Nearing the end of Aliya Whiteley’s The Arrival of Missives, we think we’ve learned that it’s the second kind of time travel story: a story about a future attempting to change the past to change itself. Though here there are no travelers at all. All that is sent back are messages, the titular missives. Only information. The future is spamming the past with propaganda, hoping that of all the people who receive it, at least a few will be receptive, will be radicalized, driven to action.

Imagine reaching the point where there are no further allies to find, and so, in desperation, you write a message and place it within a bottle and throw it into the ocean. You hope and pray it will reach somebody who will feel the same as you, and who will find a way to aid you across that great expanse of ocean. That maybe they will save you. You pour all your persuasion into that message, and you cast it adrift; you have no inkling as to what kind of person might find it.
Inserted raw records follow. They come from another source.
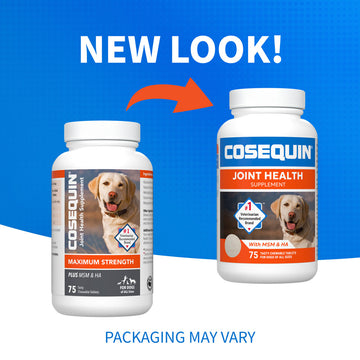 Nutramax Cosequin Maximum Strength Joint Health Supplement for Dogs 75ct new packaging
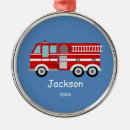 Search for fighter christmas tree decorations Fire truck
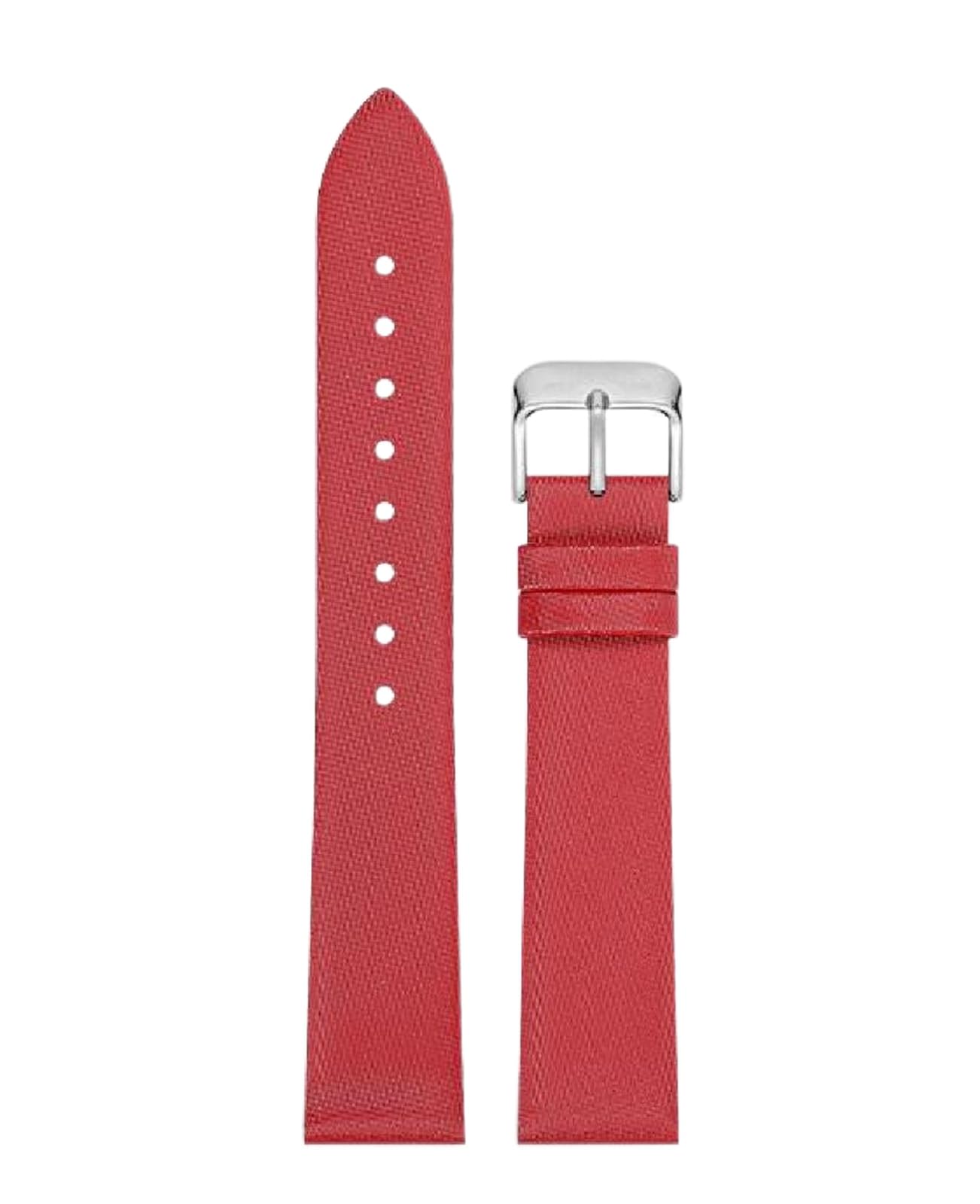Correa de reloj de piel con acabado de seda para mujer de 10 a 20mm con cierre de mariposa
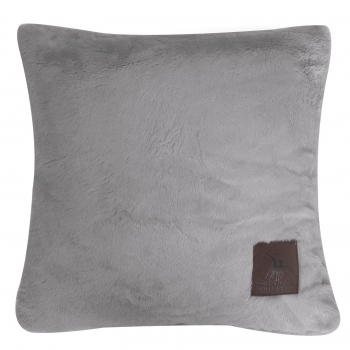 Διακοσμητικό Μαξιλάρι Γούνινο Faux Fur 40x40εκ. Premium 3970 Grey Greenwich Polo Club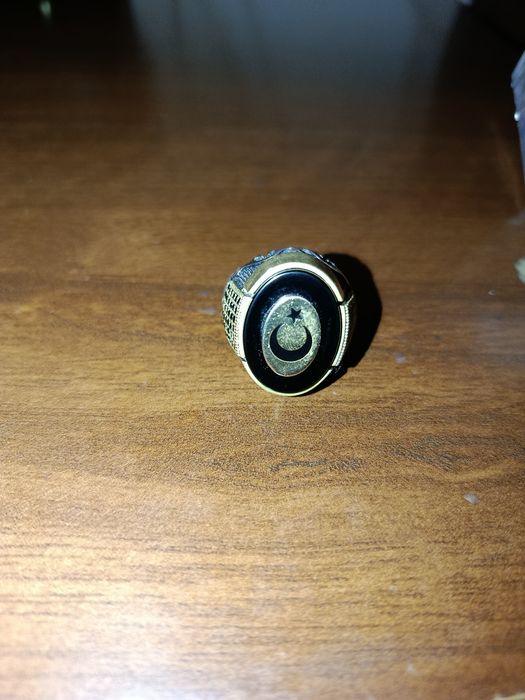 Мужской серебренный перстен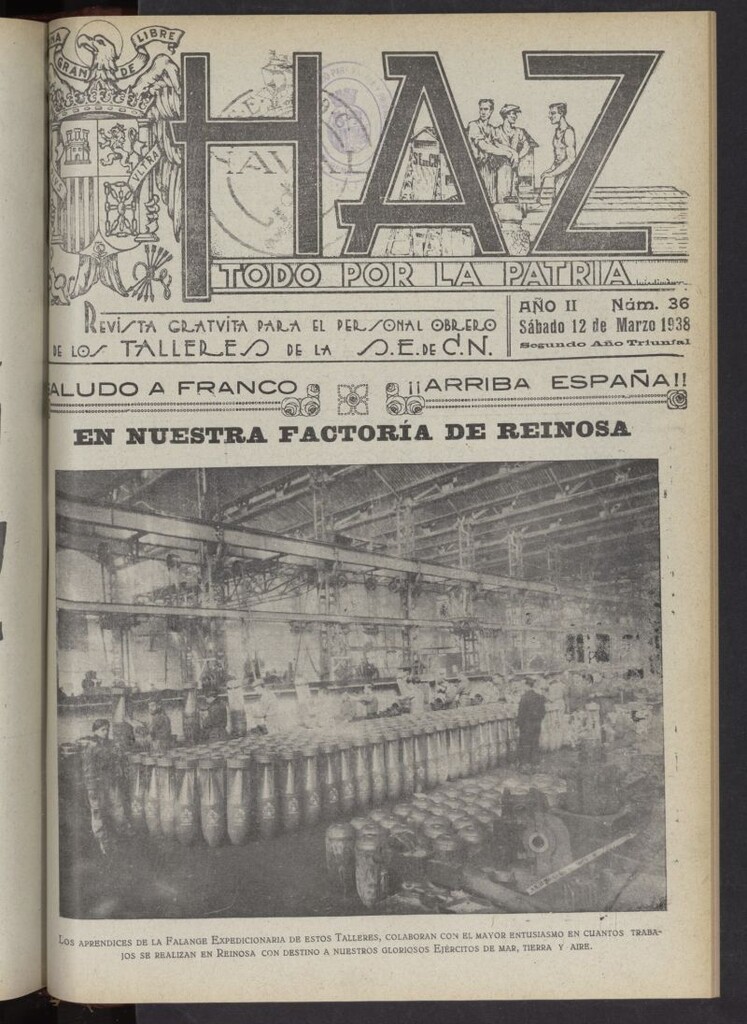 Miniatura de Haz del 12 de marzo de 1938, nº 36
You can only hope that it is picked up by somebody who shares your beliefs. Perhaps, if you send many such messages, some will wash up on fertile soil.

It matters that these communications are missives. They are entirely static and unidirectional. There is no access to consequences, no adaptation, no movement. The future is not listening, only speaking.

As Jonathan’s review covers in detail, Missives is written from the point of view of a young English woman, Shirley Fearn, who has a crush on the new local schoolmaster, Mr. Tiller. The story is set in early 1920, during which Shirley gradually learns that Tiller is an agent of a distant future that is attempting to change her present in a very personal way. Shirley is not the object of Tiller’s machinations, but his instrument: he wants to ensure that a particular young couple in her village don’t marry, so as to render their line of descent nonexistent. Sort of like Terminator, if the Terminator didn’t attack John or Sarah Connor, but instead sabotaged Sarah’s grandfather’s marriage before they had children. Tiller attempts to use Shirley to break up that marriage before it happens, escalating to violence as his original plan fails.

Tiller was recruited during the war; as a soldier and near death, he encounters the missive as a rock-like object that embeds itself in his body, in what would have otherwise have been a fatal wound. It preserves his life and lets him experience the future’s propaganda as visions when he touches it. When we meet him, he’s a true believer, completely committed to bringing about the future that the future demands of him. His error is in bringing Shirley into his confidence, in attempting to recruit her by allowing her to receive the missive as well. Afterwards, Shirley reflects on Tiller:

He is not mad. He is brave, and determined. He is utterly mistaken in his loyalty. He has taken the vision as undisputed knowledge rather than a point of view. He does not see that this future is not his fight.

Shirley is less susceptible to the propaganda of the future because she is not its target audience. Tiller accepts the missive’s assertions uncritically, that its eugenicist patriarchal white supremacist future needs defending, because it’s aimed directly at people like him. He sees only what the future is arguing for, not what it’s arguing against, because that dystopia is only an extension of systems that were already well in place by 1920. Tiller already understands capitalism, empire, and patriarchy to be good, solidly British, desirable things; how could he see their logical endpoints as anything but perfection? It doesn’t even occur to him that Shirley might find this future alienating instead of uplifting, or that it might drive her to desperate opposition. Which it does—the book ends on a declaration of war, where Shirley abandons her old plans for her own life to hunt down other agents of the future and destroy them. The empire, reaching back through time, is creating not only its fanatical adherents but an equally fervent resistance.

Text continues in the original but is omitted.